Dois dias antes, na manhã da segunda-feira, a assinatura de Penchas acompanhara a de Alfredo Egydio Setubal, diretor de Relações com Investidores do Itaú, num importante comunicado ao mercado. Ambos conversavam sobre o que fazer diante das notícias publicadas pela imprensa em torno da compra do BankBoston no Brasil e na América Latina quando um ofício da Comissão de Valores Mobiliários interrompeu a reunião e apressou a decisão. Em sete linhas, o banco não negou nem confirmou a transação. O nome do BankBoston foi omitido, mas as intenções do concorrente foram reforçadas: “O Itaú está efetivamente explorando opções para expandir suas operações nesses mercados. Neste momento, não há nenhum acordo ou contrato firmado, motivo pelo qual qualquer divulgação seria prematura”, escreveram os diretores.

O cuidado na escolha das palavras revela que o negócio está em fase adiantada, mas falta acertar detalhes cruciais da transação. Por enquanto, o Bank of America nega-se a tratar do assunto publicamente. “Não comentamos rumores nem especulações”, afirmou a ISTOÉ o vice-presidente sênior da matriz, Bob Stickler.
Ele não esconde a intenção de concentrar os negócios em seu próprio território.
“A estratégia do Bank of America é continuar aumentando a participação de
mercado nos Estados Unidos, onde escolhemos para competir e crescer de
forma seletiva”, disse.

Segundo Stickler, a exposição do Bank of America é de US$ 8,6 bilhões na América Latina, dos quais US$ 3,2 bilhões no Brasil. A região responde por menos de 2% dos ativos e dos lucros totais da corporação. Nos Estados Unidos, o gigante tem 33 milhões de clientes e 5.800 agências. Aqui, o BankBoston tem 95 agências e 220 mil clientes de alta renda. É um público selecionado, que investe R$ 27 bilhões em fundos do banco e vai esquentar a briga do Itaú com o Bradesco, o primeiro no ranking do setor privado. Consta que o Bradesco – que acaba de comprar a American Express no Brasil – também fez oferta pelo BankBoston.

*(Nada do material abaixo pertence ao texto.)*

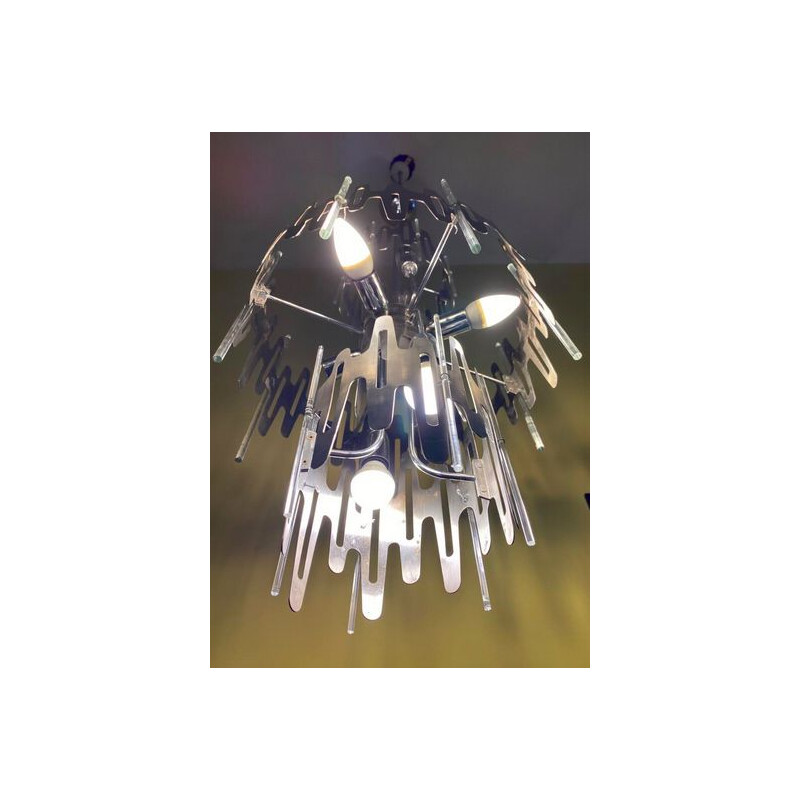 Vintage brutalist chandelier by Gaetano Sciolari, 1970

O presidente do BankBoston, Geraldo Carbone, não se pronunciou. Ele foi supreendido pelas notícias no fim de semana passado. O cancelamento de visitas programadas de executivos da matriz indicou que a venda do banco estava adiantada. Henrique de Campos Meirelles, que foi presidente mundial do BankBoston e hoje comanda o Banco Central, foi informado pelo Itaú. Assim como Meirelles, Roberto Setubal é muito respeitado nos Estados Unidos. Na noite da quarta-feira, ele viajou para Nova York. “O Roberto foi participar da reunião do Comitê Consultivo Internacional do Federal Reserve, do qual é membro”, afirmou dr. Olavo. Horas antes, ao final da assembléia do Itaú, ele se despedira do filho com um beijo e uma recomendação: “Dê bons conselhos ao pessoal do Fed.”